The recently-installed sign is a multiple-screen digital message board, that will soon allow the district to send out messages to citizens, students, families and visitors via the computer system within the school.
Located very near the corner of West Date and Woody Guthrie Streets, the new message board sign sits adjacent to the Okemah Car Wash and caddy-cornered across the thoroughfare from Sonic Drive-In.
“I think it’s a great addition to both the school and the community,” Interim Superintendent Dr. Bob Gragg said. “We hope that people appreciate it, (like we in administration do). It’s also a great welcome sign for visitors to our community.”
At about nine feet wide and four to five feet tall, not counting the frame holding the sign, this is not what may be called a small message board. And once you calculate in its new three-and-a-half foot concrete base, Gragg said the sign sits “probably about or up to 15 feet off the ground.”
Gragg explained that the message board capabilities, while coming soon, are not available to the administrative computer system yet, but will allow them to customize messages on a routine, hourly, daily, weekly and/or monthly basis — whenever a message of any kind is needed.
“The sign’s digital message board is not completely set up with the software to communicate with our computers, but we do have a wireless antenna already in place,” Gragg said. “Our technician is currently working on that and will have that going any day, I’m sure.”
It’s not that there hasn’t been a sign in that location for quite some time … there has been.
However, it was a simple, static sign — reading “basically only the name of the school district” at that time, Gragg said — that pales in comparison to this new one.
Once the technician finishes the setup of the software, allowing it to communicate with the needed hardware, the superintendent said the community messaging capability, featuring multiple digital, LED lighted screens, is something he is very proud of.
“We are happy to soon be able to communicate with the community using our digital message board for the foreseeable future,” he said. “And … it really looks great. We are proud to have it.”

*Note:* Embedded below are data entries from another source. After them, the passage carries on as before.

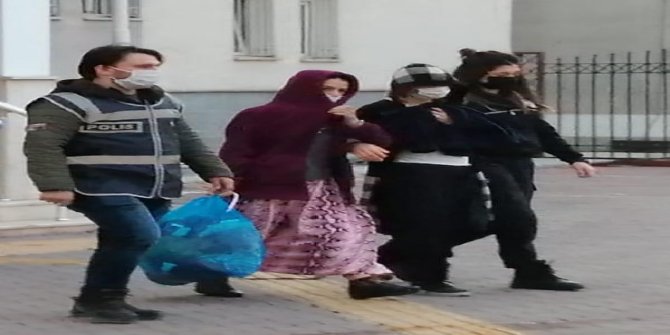 Kayseri’de 'hırsızlık' suçundan aranan 2 kadın tutuklandı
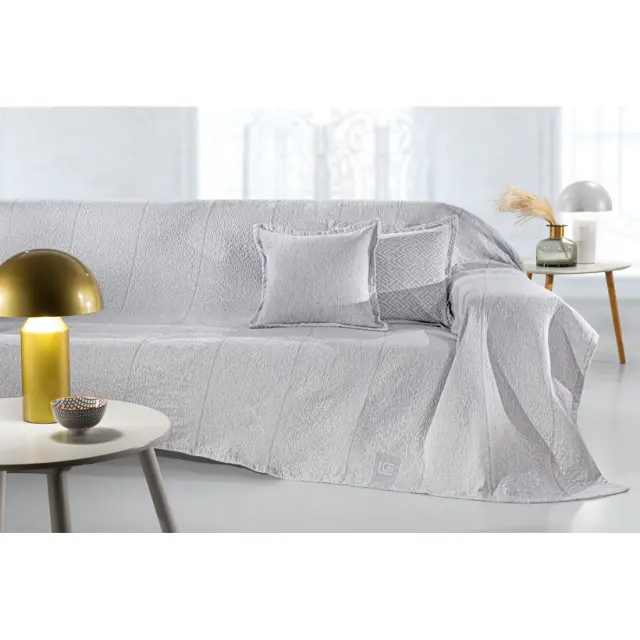 Ριχτάρι Πολυθρόνας Guy Laroche Soho Silver 180x150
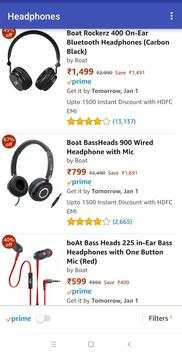 Online Shopping Headphones at Amazon screenshot 7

The district had needed help getting the sign, and Gragg made sure to iterate the school’s gratitude to the local sponsors that helped make the new piece of equipment a reality financially — those being Tanner Chevrolet, Citizens State Bank of Okemah and BancFirst of Okemah.

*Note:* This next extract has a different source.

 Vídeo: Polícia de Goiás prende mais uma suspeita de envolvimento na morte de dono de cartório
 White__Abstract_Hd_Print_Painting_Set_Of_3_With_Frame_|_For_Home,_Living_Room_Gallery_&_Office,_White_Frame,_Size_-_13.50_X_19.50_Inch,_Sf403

That’s not all, though. Gragg told the News Leader that Steve Cheatwood also donated all the labor for the installment of the approximately 45 square-foot (or more counting its frame) sign — a job he does all over the country, installing signs such as this new one in Okemah.
Cheatwood, Gragg said, is an independent contractor, who does install work for the company out of Norman that made the digital sign.
As for what kinds of messages will be displayed, the administration hopes to communicate whatever is needed to be known by students, their families, daily citizens and passersby. Things like upcoming holidays, days school may be out, weather, approaching sports games on the calendar, special messages and more.
An important thing to Gragg, he said after the last school board meeting and reiterated on the phone during a subsequent interview, is making sure the sponsors know the Okemah Public Schools administration and staff and student body thank those sponsors named above.
“We do thank our sponsors (of this new sign),” he said. “It is such a great looking welcome to our community and will prove to be a valuable communication tool.”